Photo by Jason Wyche
Picasso biographer John Richardson
There have been so many books about Picasso. What makes yours stand out?
The fact that I knew him well and he opened up to me.
I set out to do something that couldn’t be done in Picasso’s lifetime by people close to him. This applies particularly to Roland Penrose, my compatriot, who wrote the first major biography of Picasso. It’s an excellent work, but Roland was a very loyal friend, and he left out all the dark parts. It’s a book without shadows.
I wanted to say all the things that Picasso, who was exceedingly secretive, kept quiet about in his lifetime. I don’t mean scandalous things. Picasso didn’t like people asking a lot of embarrassing questions or digging too deep into his psyche, into his manner of working.
I saw him regularly over a period of about 10 years and he relaxed with me — I was young; 25 in 1949. Picasso was astonishingly kind and generous to me, because I think he realized — in fact, I know he realized — that I had an obsession with his work and that I intuitively knew what he was up to.
At what point did you conceive of the biography?
Originally, I wanted to do a book on Picasso’s portraits. Dora Maar, who was Picasso’s mistress from 1936 to 1945, said to me that when the woman in Picasso’s life changed, everything else would change — the style, the house, the poet, the circle of friends, the dog, the food, you name it — and that this was reflected above all in the portraits. Picasso was amused by the idea — this was in 1960-61 — and he gave me a lot of information.
Soon after I got to New York, I organized a nine-gallery show [in 1962]. Nine of the biggest galleries in New York each took a different period of Picasso’s life. Picasso was very helpful, and I began to see the development in terms of the various women. Then I thought, “Oh hell, that’s all very well, but why not just write a biography.”

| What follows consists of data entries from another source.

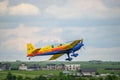 Closeup shot of a Extra EA-300 airplane model flying at Hangariada aeronautical festival show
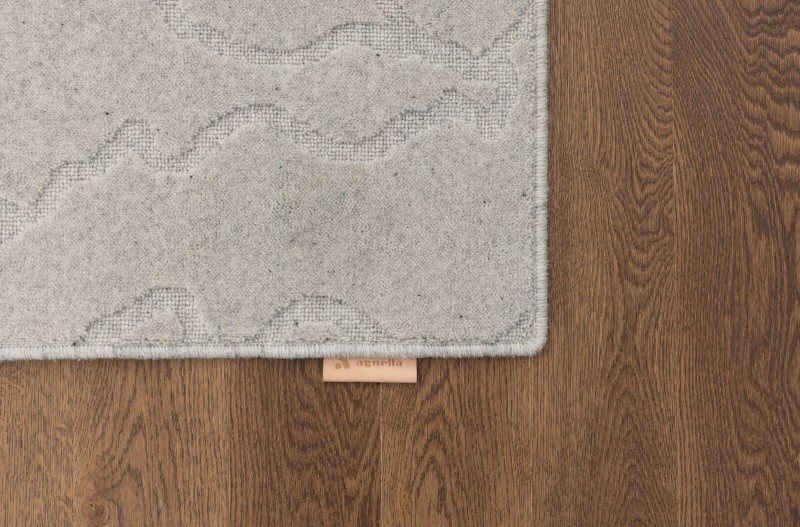 Dywan wełniany Agnella Noble Tarion jasny szary na ciemnej podłodze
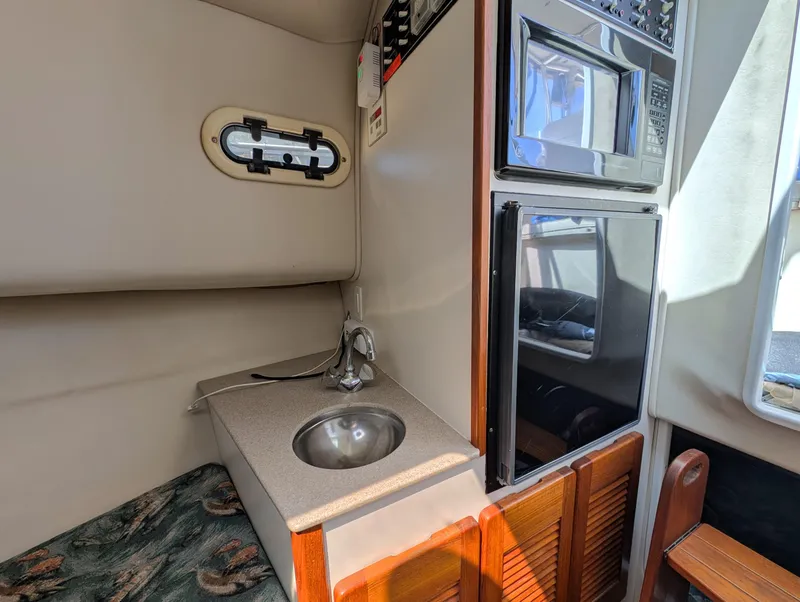 Slide: The Image of 2001 Pursuit 3070 Offshore Center Console interior with sink, microwave, and storage. - 26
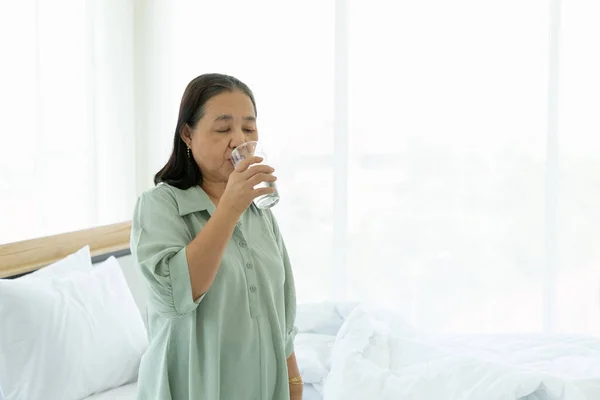 Seniorin Trinkt Morgens Wasser Bett — Stockfoto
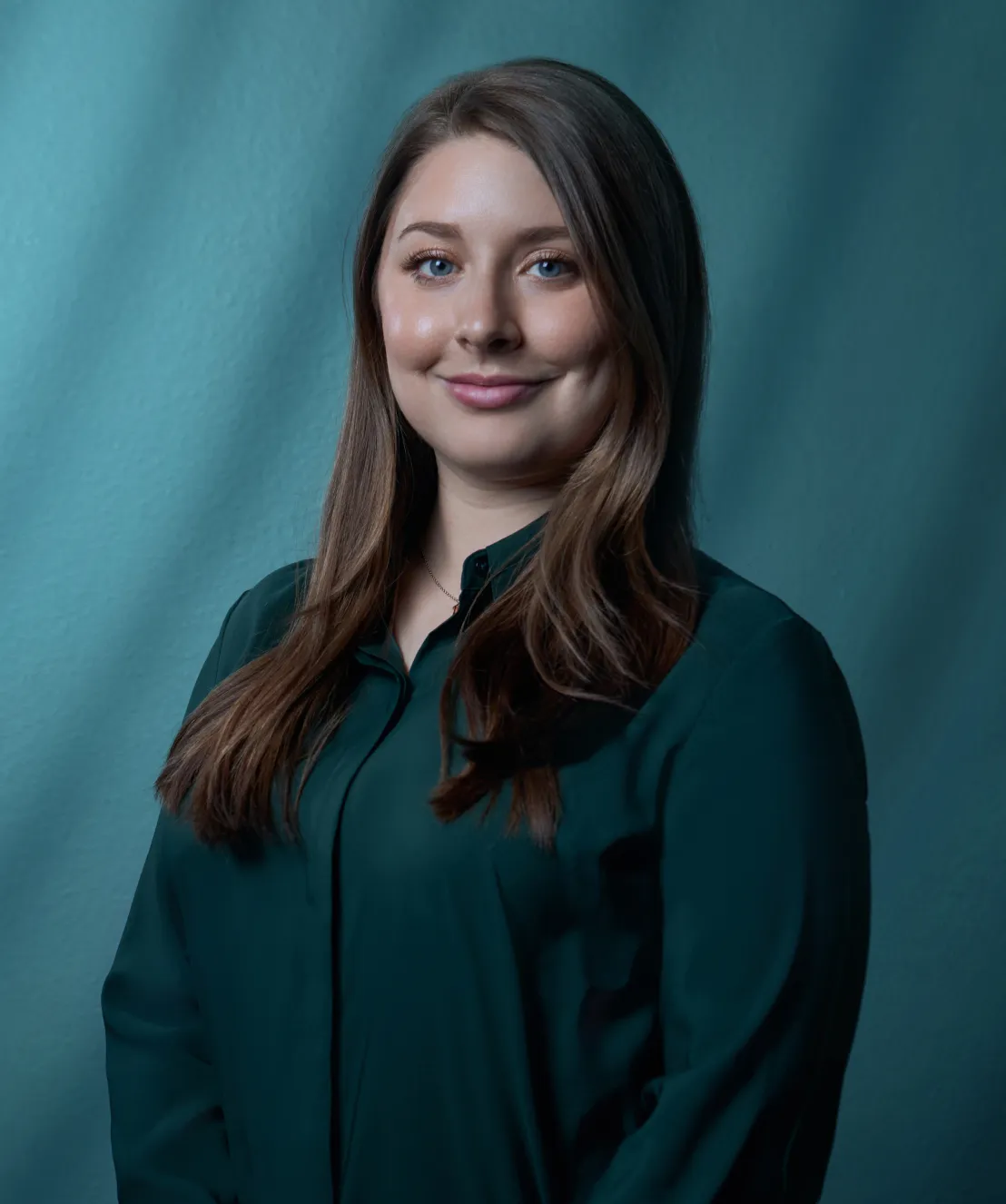 Devin Bushong of Bushong Accounting professional headshot in a dark teal blouse against a teal studio background by Unbound Collective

I want to share an observation that I’ve had about the writing style. It seems that you’ve created a fact-driven, nuts-and-bolts narrative that avoids certain novelistic techniques. There’s little attempt to get inside Picasso’s head or to dramatize certain situations. And unlike in many biographies of artists, there isn’t much art theory —
Picasso loathed theory, or rather distrusted it.
I didn’t keep theory out of my book, but I kept it in its place. In the third volume I redefined Picasso’s relationship to the Surrealists. None of the recent exhibitions devoted to Picasso and Surrealism face up to the fact that Picasso had a deep distrust of Bretonian surrealism, with its emphasis on Freud and Marx, dream states, and automatic techniques. So much for theory.
Insofar as anyone can with a great artist, I did my best to identify the roots of his imagery.
But that’s different from getting into his head, from opening up his mental processes. You give a great sense of who he was, but this comes out of a cumulative effect of the description of what he was working on, of small daily events.
Well, Picasso said to me more than once, “My work is a diary, and it should be seen as such.” And that’s what I did.
Picasso took pride in being a paradox. He was consciously a paradox, and plays up his paradoxical sides, which makes things extremely difficult for a writer. I realized fairly early on that whatever you say about Picasso, the reverse is often equally true. I don’t think anyone before had faced up to certain facts. For instance, the curiously bourgeois streak in Picasso in the midst of his bohemianism. But again that’s part of the paradox.
I understand that the funding for the book has been a challenge. I’ve heard that the image costs have been greater than the sales revenues. Is it true that you published two books between volumes two and three in part to raise money?
Well, it’s partly correct. Far more to the point, Picasso was extremely generous to me and gave me a number of drawings and prints and other things, virtually all of which have had to be sold to pay for the book. It wasn’t the illustrations so much — although the charge for copyright and for royalties is considerable — but the research, travel, books. And the advances from my publishers weren’t nearly enough to keep me going for the ten years volume three took to write. In the end, my friend Mrs. Sid Bass came to my rescue and got a lot of her collector friends to contribute to the John Richardson Fund for Picasso Research, and that’s what’s kept this labor of love going.